Simulation progress#
The progress of the simulation is given with two progress bars. The top one is
used to count the number of relevant records found. The bottom one monitors the
number of records labeled. By default (see --n-stop
), the simulation stops
once the the top progress bar reaches 100%.
Relevant records found: 100%|█████████████████████████████████████████████████████████| 38/38 [00:04<00:00, 7.83it/s]
Records labeled : 7%|███▊ | 322/4544 [00:04<01:03, 66.37it/s]
Loss: 0.021
NDCG: 0.530
Command line arguments for simulating#
The command asreview simulate --help
provides an overview of available
arguments for the simulation. Each of the sections below describe the available
arguments. The example below shows how you can set the command line arguments.
asreview simulate MY_DATASET.csv -o MY_SIMULATION.asreview -q max_random
Dataset#
- dataset#
Required. File path or URL to the dataset or one of the SYNERGY datasets.
You can also use one of the SYNERGY dataset. Use the following command and replace DATASET_ID
by the
dataset ID.
asreview simulate synergy:DATASET_ID
For example:
asreview simulate synergy:van_de_schoot_2018 -o myreview.asreview
Active learning#
- --ai AI#
The AI to simulate with. Default is
elas_u4
.
- -c, --classifier CLASSIFIER#
The classifier for active learning. Default is Naive Bayes (
nb
).
- -q, --querier QUERIER#
The querier for active learning. Default is Maximum (
max
).
- -b, --balancer BALANCER#
Data rebalancing strategy mainly for RNN methods. Helps against imbalanced datasets with few inclusions and many exclusions. Default is
balanced
.
- -e, --feature-extractor FEATURE_EXTRACTOR#
Feature extraction algorithm. Some combinations of feature extractors and classifiers are not supported or feasible. Default is TF-IDF (
tfidf
).
- --seed SEED#
Seed for the model (classifiers, balance strategies, feature extraction techniques, and query strategies).
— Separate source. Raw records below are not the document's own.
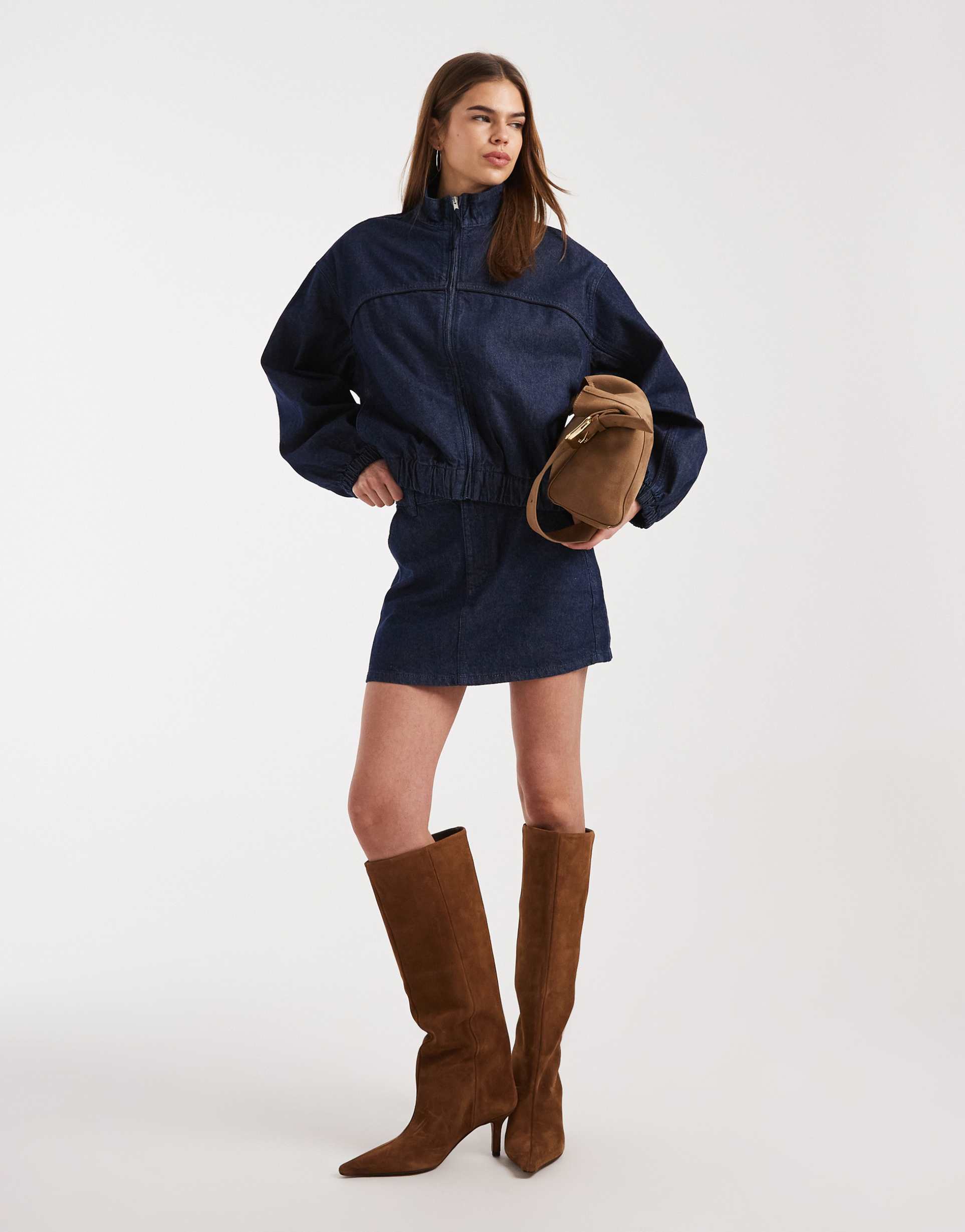 asos design denim mini skirt in rinse - part of a set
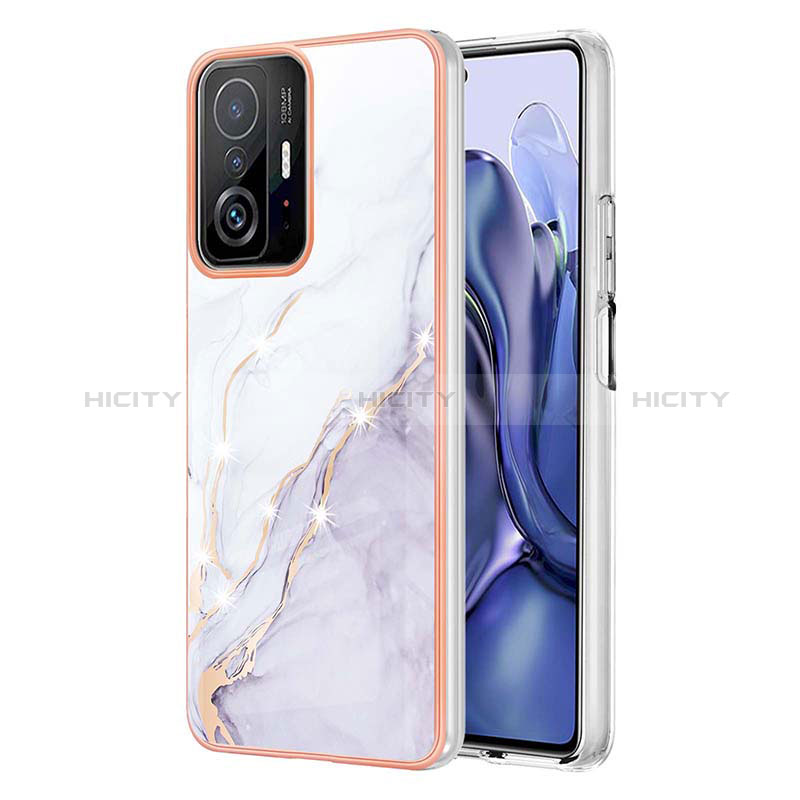 Coque Silicone Motif Fantaisie Souple Couleur Unie Etui Housse Y05B pour Xiaomi Mi 11T 5G Blanc Plus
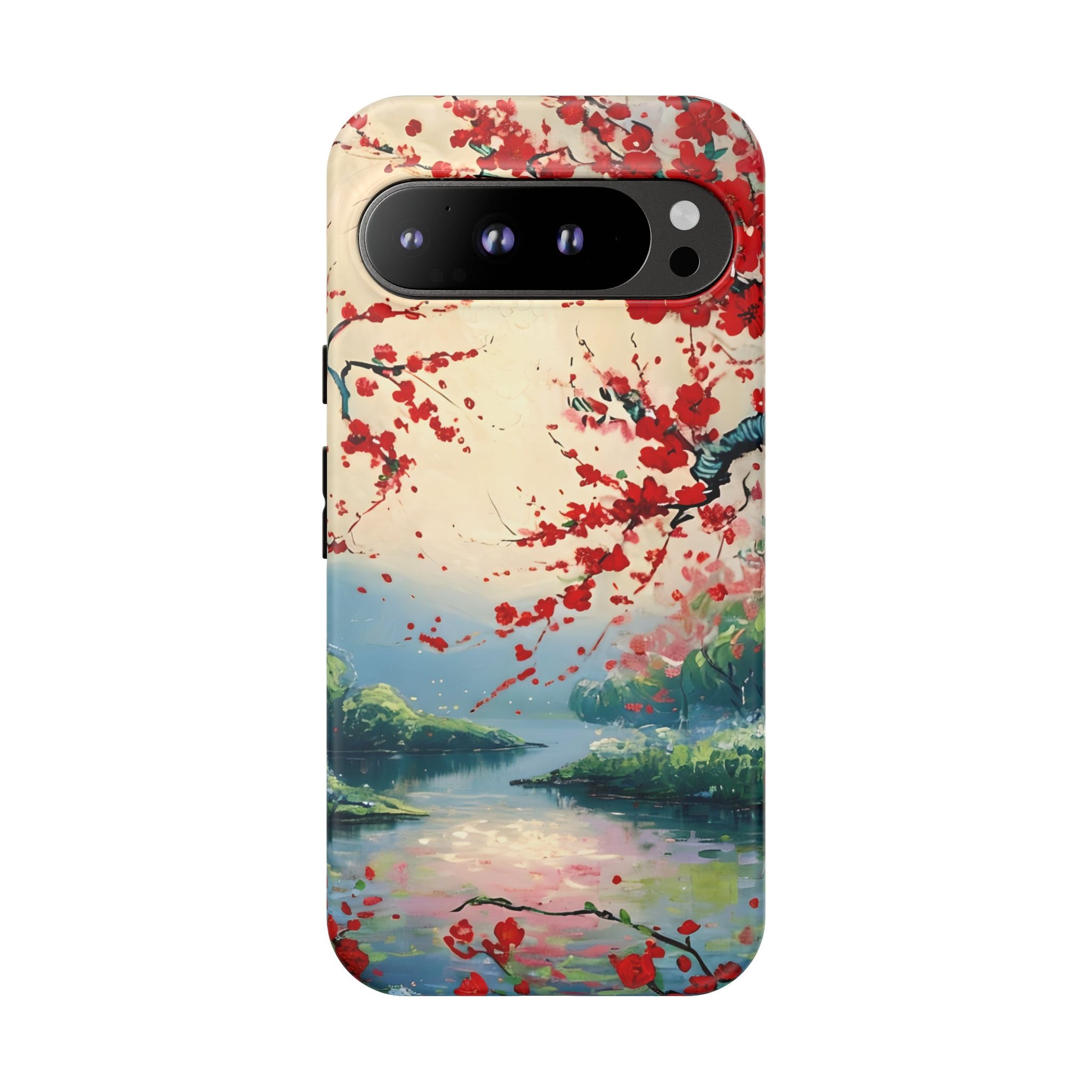 Crimson Blossom Lake - Artistic Floral Landscape Google Pixel 9 Pro XL Tough Phone Case - Red Cherry Blossoms & Serene Lake Design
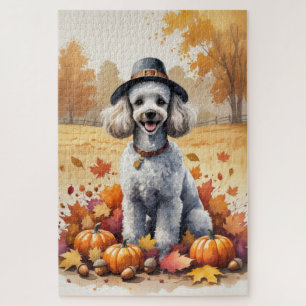 Puzzle Caniche dans l'art de l'Action de grâce aux feuill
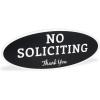 imageExcelMark No Soliciting Sign for House or Business  Durable IndoorOutdoor Sign  Easily Attach to Front Door  UV and Weather Resistant Small  2quotx 5quot Black with Gold LettersBlackWhite Oval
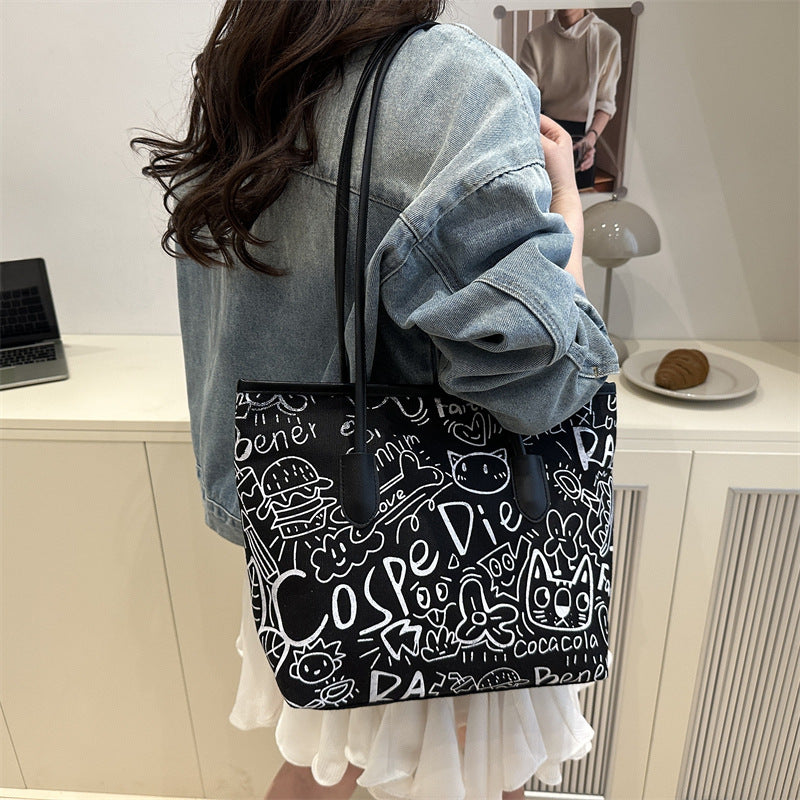 Graffiti Canvas Bag Women's New Casual Shoulder Bag Versatile Large Capacity Commuter Tote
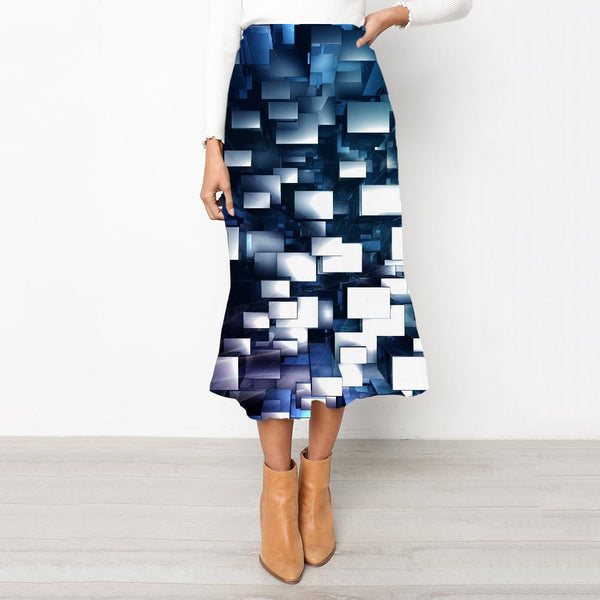 Geometric Skirt Women Psychedelic Skirt Ladies Vortex High waist skirts Stereoscopic Rock Frauen - KYKU
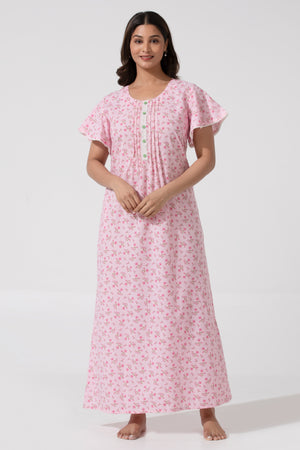 Pink Floral Printed Cotton Nighty with Lace Design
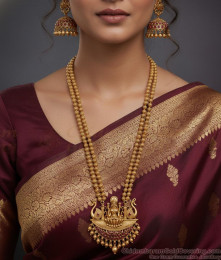 ANTQ1047 - Premium Antique Haram Matt Beads Design Ruby Stone Earring Combo ANTQ1047 - Premium Antique Haram Matt Beads Design Ruby Stone Earring Combo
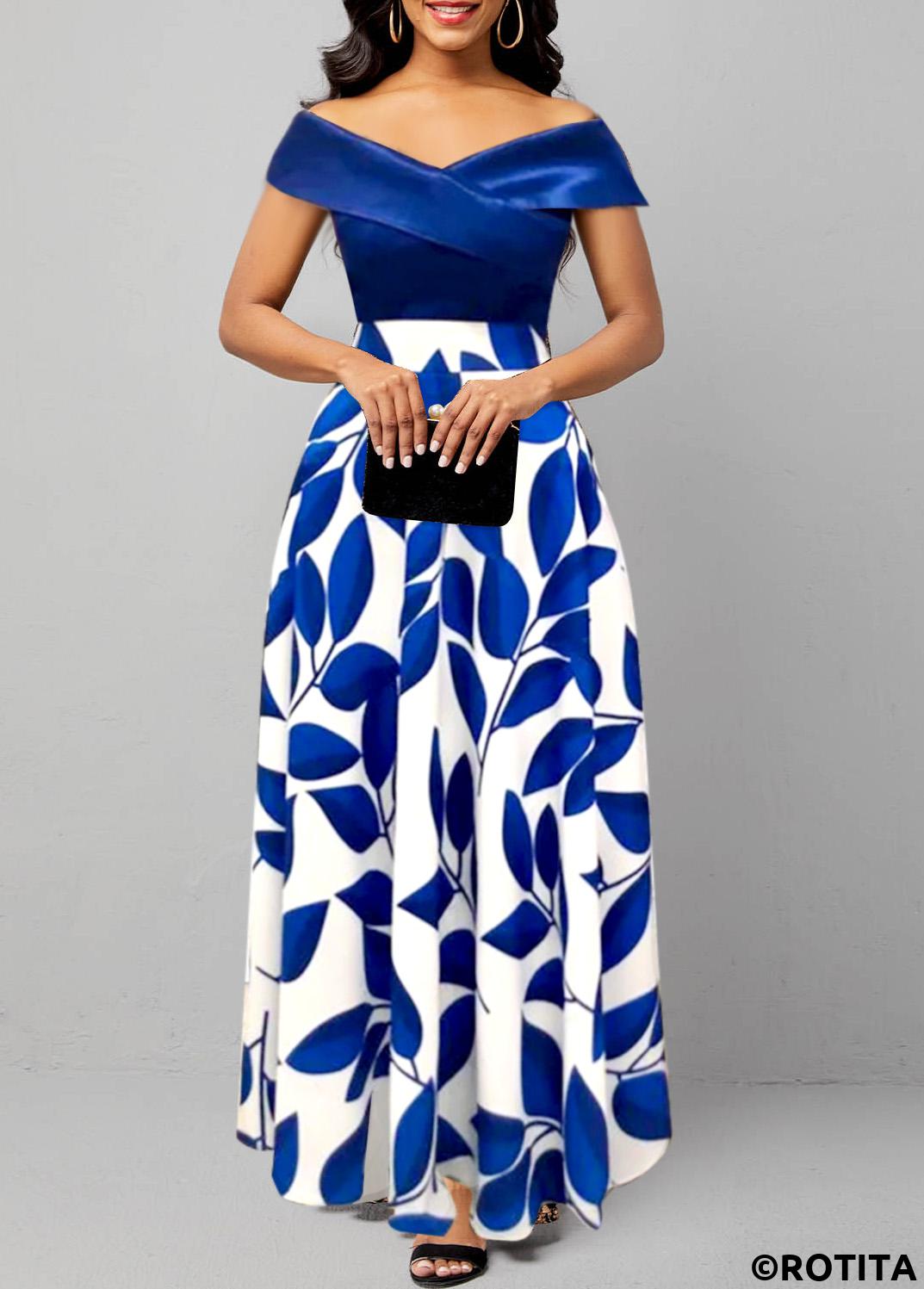 Dark Blue dresses,White dresses,Plants dresses,Vacation dresses,Vacation dresses,ROTITA Surplice Leaf Print Dark Blue Maxi Dress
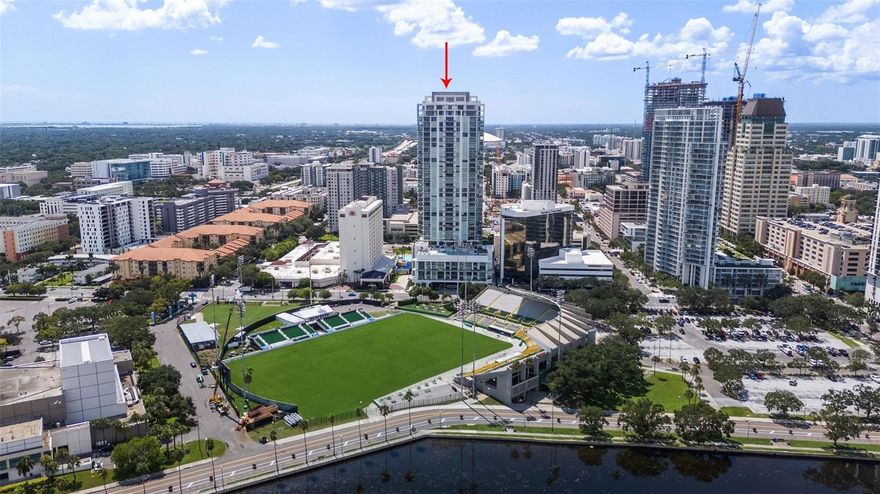 When you want a condominium in downtown St. Petersburg, set your sights on the most attractive unit in the Saltaire! Entering unit 1802, the great room blends living, dining and kitchen into one impressive space with a 200-sq. ft balcony. A 10-ft. ceiling, with Minka-Aire fan and 24 x 48-in. porcelain tiles throughout, complement any décor. Luminettes privacy sheers by Hunter Douglas provide softness with sun protection and remote controls. The kitchen features plenty of storage by Nolte, along with Jenn-Aire appliances that include a matching panel refrigerator, induction cooktop and convection oven. Also in the kitchen — a huge Franke sink, exterior-ducted hood and Italian tile backsplash. (Same beautiful tile used in the Channelside Starbucks.) The laundry room features plenty of Nolte storage, a utility sink and Whirlpool machines. The owner suite includes two walk-in closets by Elfa. The guest suite features a full bath and Elfa closet. Both bedrooms include a Minka-Aire fan and remote-power window shade. The den and powder room with shower complete this great floor plan. What makes 1802 truly exceptional? You get an incredible bay view from the Pier to the theater and museum district. including marina and airport. When it comes to the 7th floor common areas, you can enjoy a state-of-the-art fitness center, news café and a formal social room with catering kitchen and event terrace. Just outside, you discover the Aire Deck, with an expansive Bay view. It features a negative-edge lap pool with sun shelf lounges, spa, cabanas, firepits, bar and grill, plus a dog park with bath. Choose valet parking or self-parking in the 24-hour secured garage, with TWO VEHICLE SPACES, storage area and bike parking included. A covered motor court makes arrivals and departures easy. If you prefer an active form of transportation, Downtown St. Petersburg offers a Walk Score of 95! [Not included in the sale: furniture, chandeliers, built-in shelving and built-in credenza.]  Closing must be on or after October 1, 2024.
- --prior-seed PRIOR_SEED#
Seed for selecting prior records if the
--prior-idx
option is not used. If the option--prior-idx
is used with one or more indices, this option is ignored.
- --embedding EMBEDDING_FP#
File path of embedding matrix. Required for LSTM models.
Prior knowledge#
By default, the model initializes with no prior included or excluded records.
You can set the number of priors by --n-prior-included
and
--n-prior-excluded
. Alternatively, you can initialize your model with a
specific set of starting papers using --prior-idx
or --prior-record-id
to select the indices or record IDs of the papers you want to start the
simulation with.
The following options can be used to label prior knowledge:
- --n-prior-included N_PRIOR_INCLUDED#
Sample n prior included records. Only used when
--prior-idx
is not given. Default 0.
- --n-prior-excluded N_PRIOR_EXCLUDED#
Sample n prior excluded records. Only used when
--prior-idx
is not given. Default 0.
- --prior-idx [PRIOR_IDX [PRIOR_IDX ...]]#
Prior indices by row number (row numbers start at 0).
- --prior-record-id [PRIOR_RECORD_ID [PRIOR_RECORD_ID ...]]#
Prior indices by record ID.
Simulation setup#
- --n-query N_QUERY#
Number of records queried each query. Default 1.
- --n-stop N_STOP#
The number of label actions to simulate. If not set, simulation stops after the last relevant record is found. Use -1 to simulate all label actions.
- --config-file CONFIG_FILE#
Configuration file for the learning cycle.
Results#
- --output OUTPUT, -o OUTPUT#
Location to ASReview project file of simulation.
- --verbose VERBOSE, -v VERBOSE#
Verbosity level.
Algorithms#
The command line interface provides an easy way to get an overview of all available active learning model elements (classifiers, query strategies, balance strategies, and feature extraction algorithms) and their names for command line usage in ASReview LAB. The following command lists the available models:
asreview algorithms
The command includes models added via Developing Extensions. See Developing Extensions for more information on developing new models and install them via extensions.
Use pip install asreview-dory
to get access to all Dory models. The Dory
extension contains a collection of New and Exciting MOdels.